Sohrab Sharma, largement connu sous le nom de Sam Sharma, a été condamné à huit ans de prison pour avoir orchestré l’une des escroqueries ICO les plus notoires de l’industrie des cryptomonnaies. Le co-fondateur de Centra Tech a fraudé des investisseurs à hauteur de $25 millions via une offre de jetons numériques frauduleuse qui promettait un accès à des services financiers basés sur la crypto, y compris une carte de débit de marque. Le bureau du procureur des États-Unis pour le district sud de New York a confirmé la condamnation, marquant une victoire juridique importante dans la lutte contre les schémas de fraude crypto en phase initiale.
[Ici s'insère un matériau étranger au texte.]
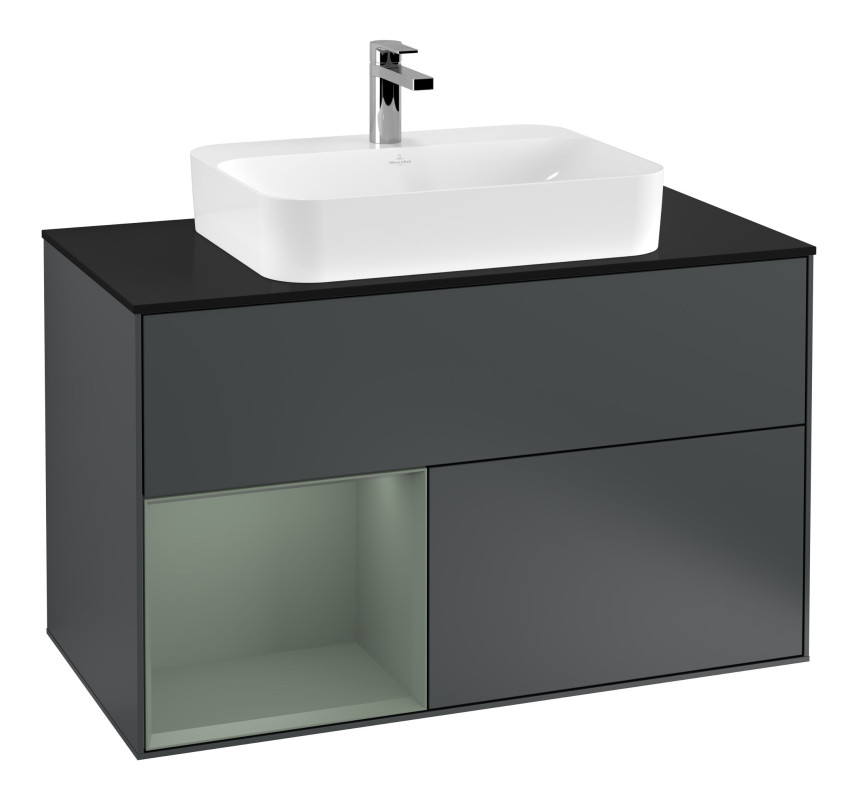Тумба под раковину Villeroy & Boch Finion 100х50,1 см с подсветкой МДФ темно-синий матовый лак/стекло черное матовое F362GMHG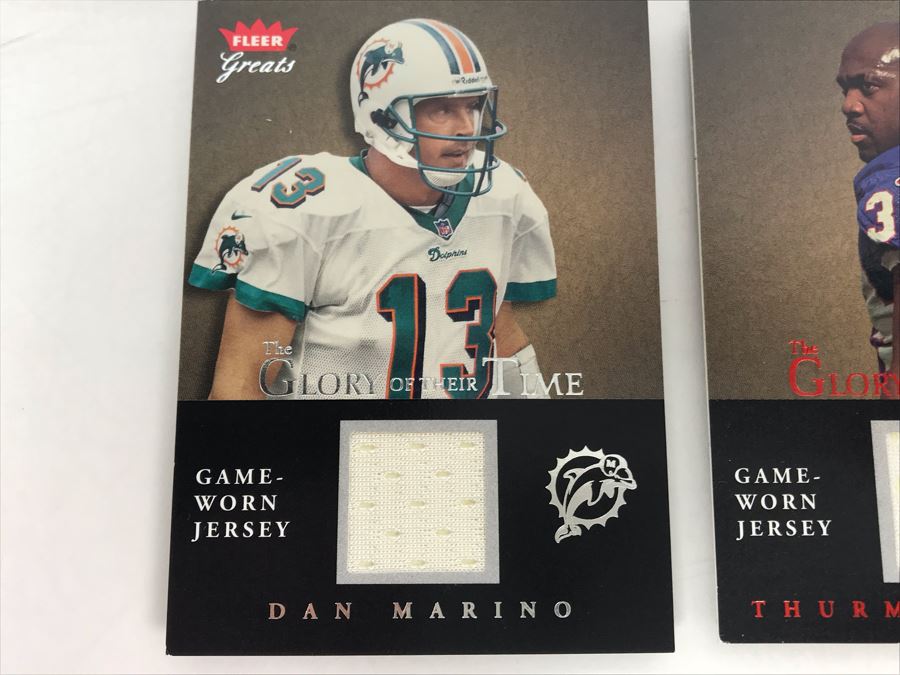 Game Worn Jersey Football Cards: Dan Marino, Joe Montana, Emmitt Smith and Thurman Thomas [Photo 4]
La $25 Million de tromperie derrière la vente de jetons frauduleuse de Centra Tech
En juillet 2017, Sam Sharma et ses co-conspirateurs Robert Farkas et Raymond Trapani ont mené une offre initiale de jetons (ICO) illégale pour lever des fonds auprès d’investisseurs peu méfiants. Le trio a fait de fausses déclarations importantes sur les produits financiers et les capacités de Centra Tech, profitant de la période de boom des ICO alors que les cadres réglementaires étaient encore en cours d’élaboration. Les investisseurs ont acheté des jetons numériques sous de faux prétextes, croyant soutenir une entreprise technologique financière légitime. L’arnaque illustre comment les nouveaux modèles de financement participatif dans l’espace crypto ont été exploités par de mauvais acteurs dépourvus de toute infrastructure commerciale réelle.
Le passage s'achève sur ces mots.